Exercise prompt => The entries that follow should be repeated exactly, with no pictures kept.

Stored items from a collection:
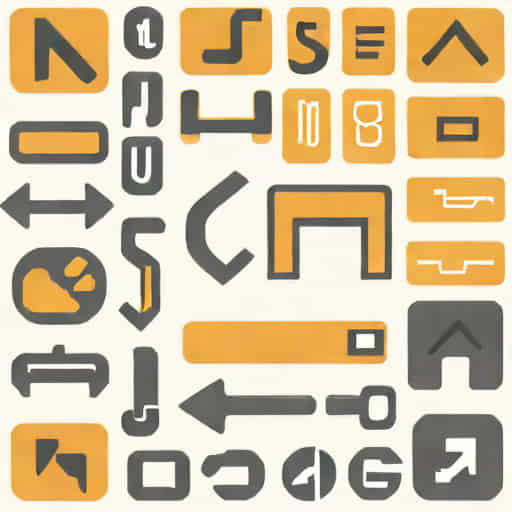 Juncture In Phonetics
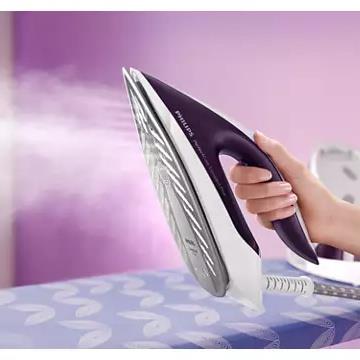 Philips GC7933/30 Buhar Kazanlı Ütü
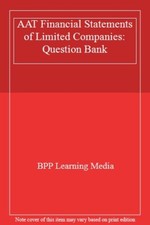 AAT Financial Statements of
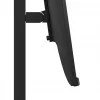 Écran Gaming 25" Lenovo Legion 25 -10 (67D4GAC3EU)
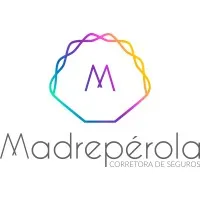 Madrepérola Corretora de Seguros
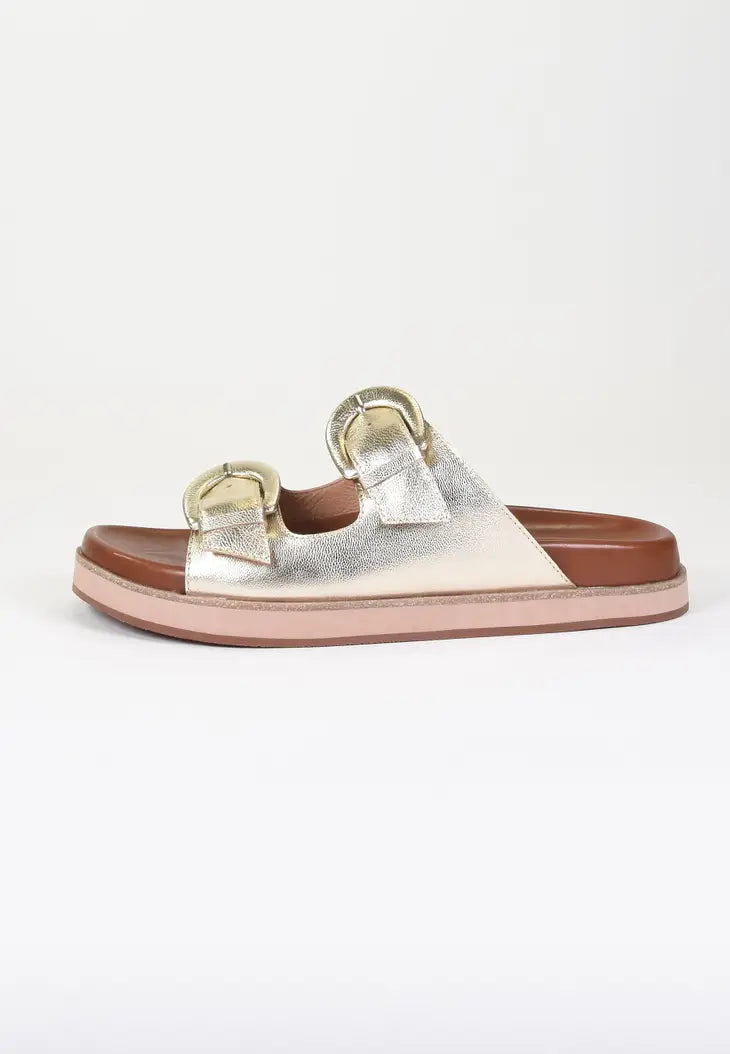 YOKO SANDAL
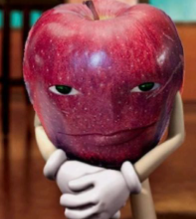 Apple.png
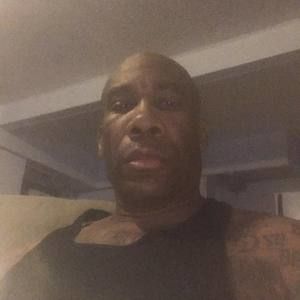 Meet your Posher, Willie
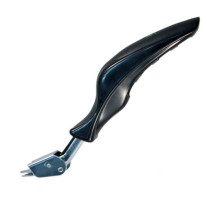 Ручной скобоудалитель D.BOR Remover DR 1 DR-1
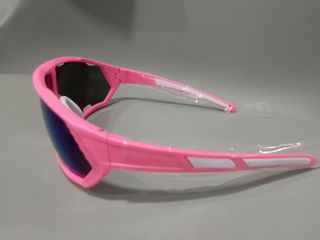 Gafas de sol deportivas 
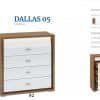 mlm dallas 05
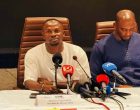 Sadio Mané Unveils FCFA 11.7 Billion Agro Industrial Project in Bambali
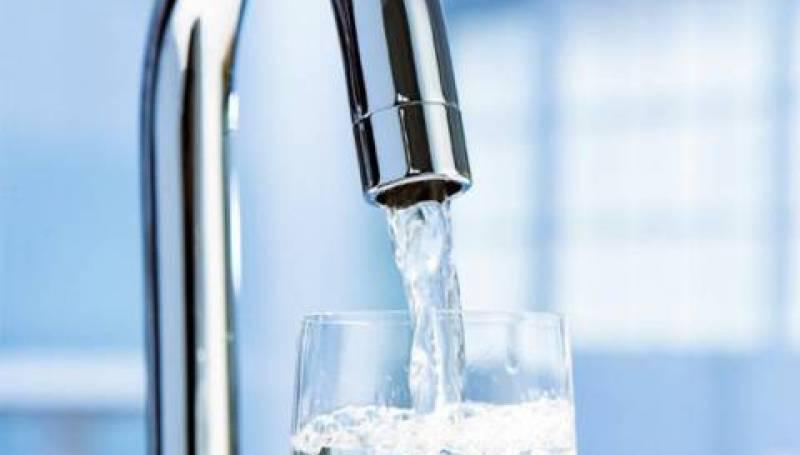 Достоинства и недостатки фильтрованной воды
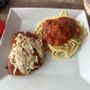Photo of Regina's Italian Restaurant & Steakhouse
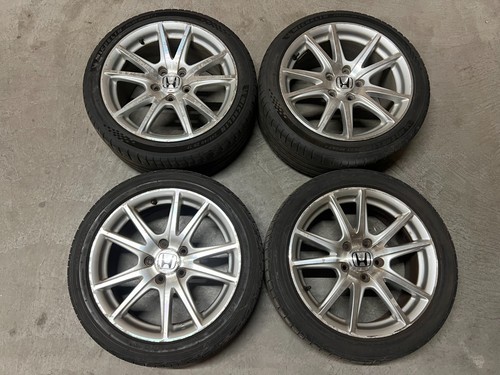 Set honda s2000 ap2 - set,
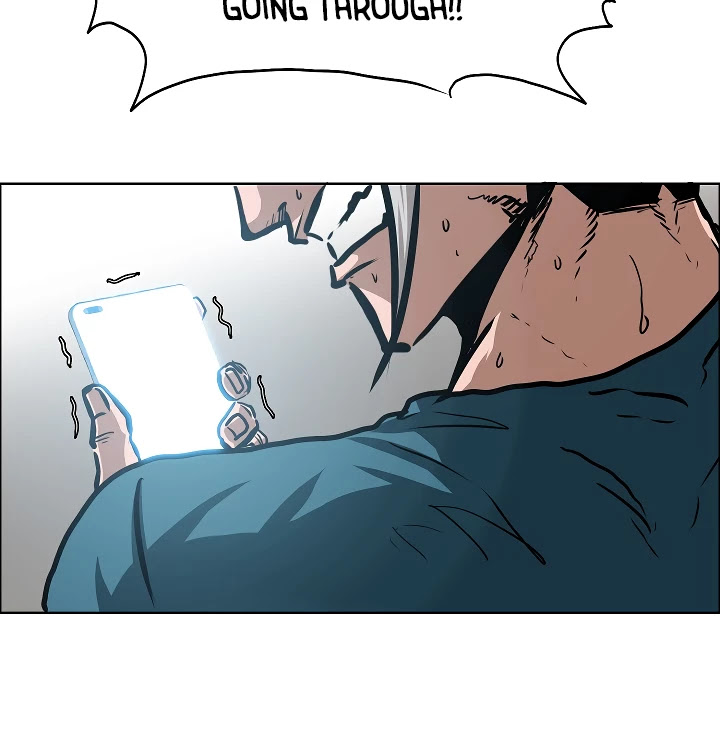 Rooftop Sword Master Chapter 39 page 76 - Chapter 39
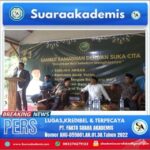 20260218_085101_1771379476430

Task solution =>
 Juncture In Phonetics
 Philips GC7933/30 Buhar Kazanlı Ütü
 AAT Financial Statements of
 Écran Gaming 25" Lenovo Legion 25 -10 (67D4GAC3EU)
 Madrepérola Corretora de Seguros
 YOKO SANDAL
 Apple.png
 Meet your Posher, Willie
 Ручной скобоудалитель D.BOR Remover DR 1 DR-1
 Gafas de sol deportivas 
 mlm dallas 05
 Sadio Mané Unveils FCFA 11.7 Billion Agro Industrial Project in Bambali
 Достоинства и недостатки фильтрованной воды
Photo of Regina's Italian Restaurant & Steakhouse
 Set honda s2000 ap2 - set,
 Rooftop Sword Master Chapter 39 page 76 - Chapter 39
 20260218_085101_1771379476430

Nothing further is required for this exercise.